In the New York dance clubs (formerly discotheques, and soon to be called discos), it was this appealing blend of sweet harmonies and strings, positive sentiments, and solid 4/4 kickdrum beats that folks just couldn’t get enough of. And at the time, there was simply nothing else that sounded like it, so deejays played it over and over. Its original six-and-a-half minute album length made it perfect for dancing. (Article continues after song…)
With the dance clubs taken care of, another song from the album took over radio and television: “T.S.O.P. (The Sound of Philadelphia)” went to Number One on the Billboard Hot 100 and became the title theme for the Soul Train TV series. The minimal vocals were handled by Philly vocal trio The Three Degrees, who recorded another important early disco song, “When Will I See You Again,” in 1974. (Article continues after song…)

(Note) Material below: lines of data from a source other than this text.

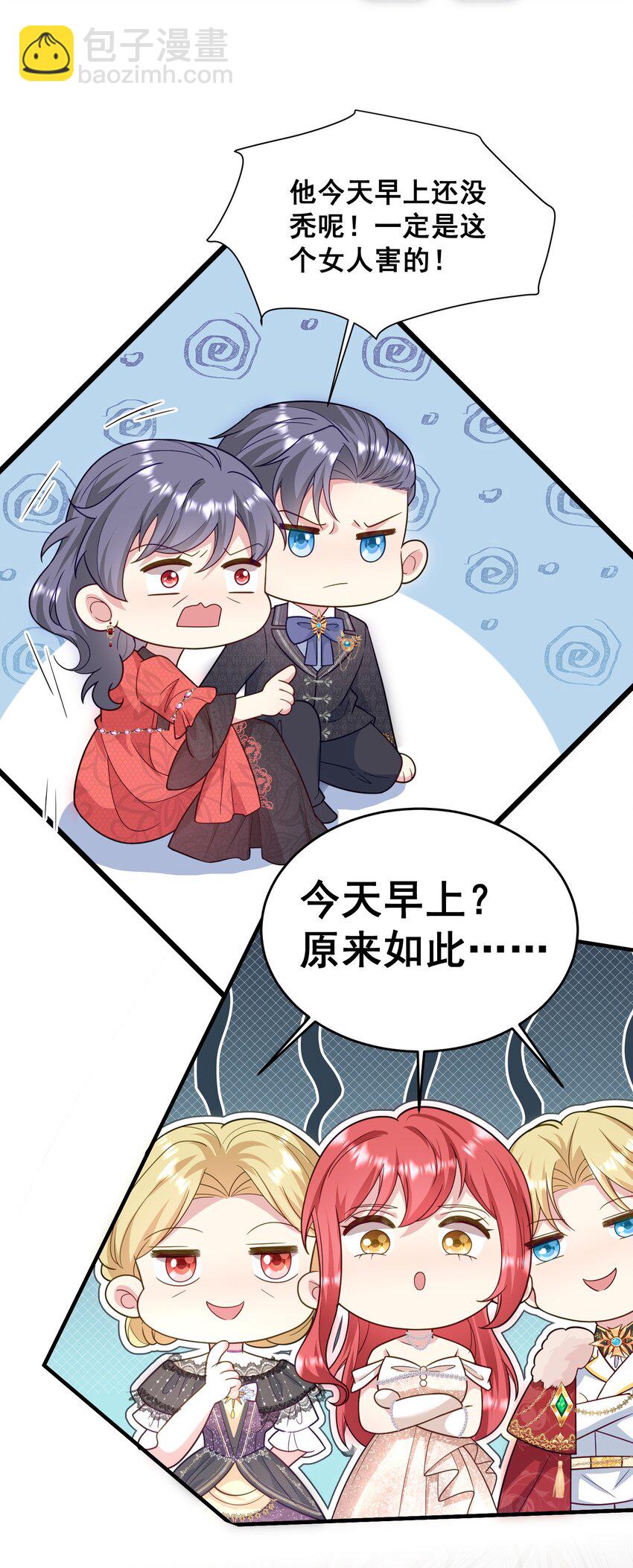 82 应得的罪名-第83话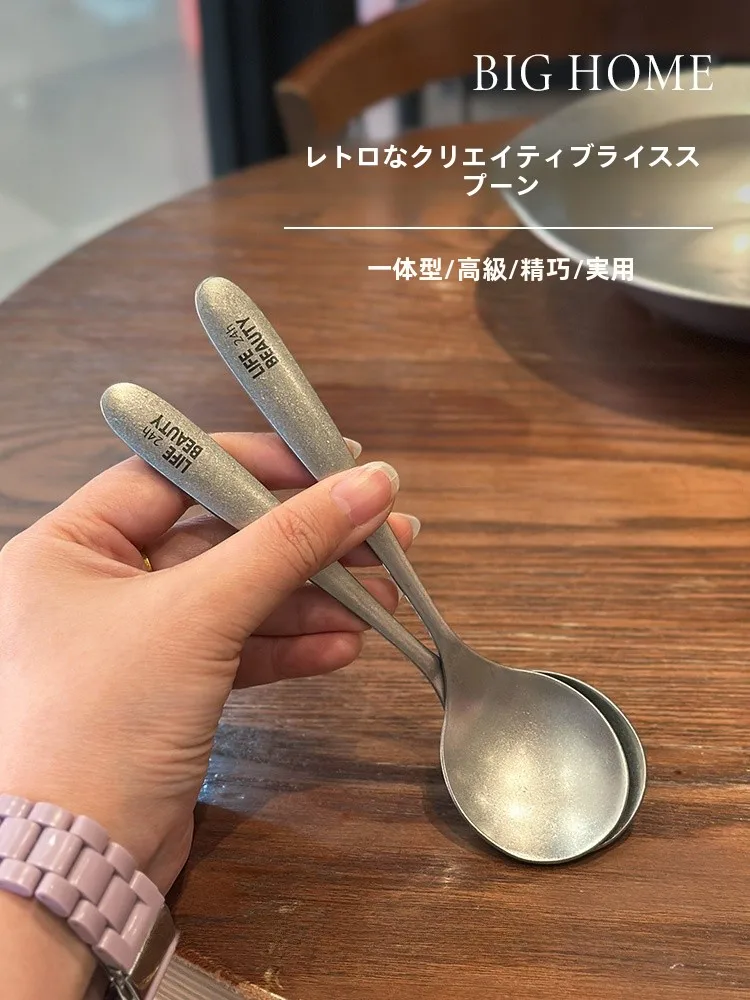 レトロな和風カレー用スプーンはいつから一般的に使われるようになったか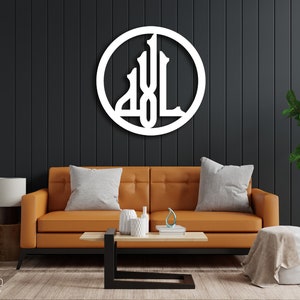 Metal İslamic Calligraphy, Metal Islamic Wall Art, Metal Islamic Wall ...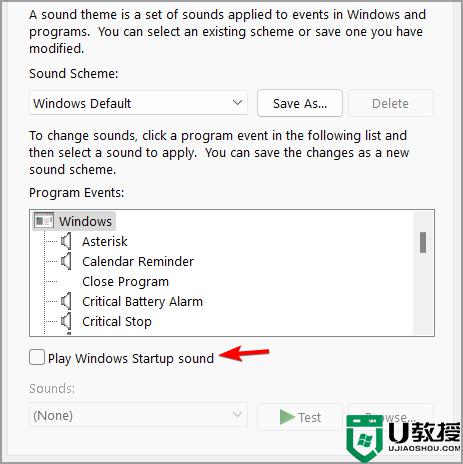 win11开机声音怎么关？win11开机声音关闭方法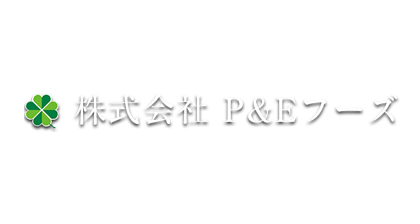 株式会社P&Eフーズ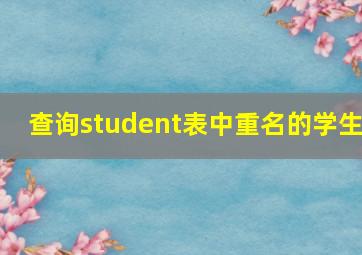 查询student表中重名的学生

The two mixes presented here are not from the 1973 album but are 1977 remixes by the endlessly talented Tom Moulton, the man largely responsible for the extended disco remix format. As far as I can tell, they weren’t issued as a 12” single at the time, but they appeared on the 1977 remix compilation Philadelphia Classics. These two recordings were finally coupled on a 12”, however, in the 1987 CBS/Philadelphia International Mixed Masters series. And they certainly belong together, two slabs of essential disco history. Let’s get it on: it’s time to get down.
Previously on Disco Lab: Kiss – ‘I Was Made For Lovin’ You’ (1979)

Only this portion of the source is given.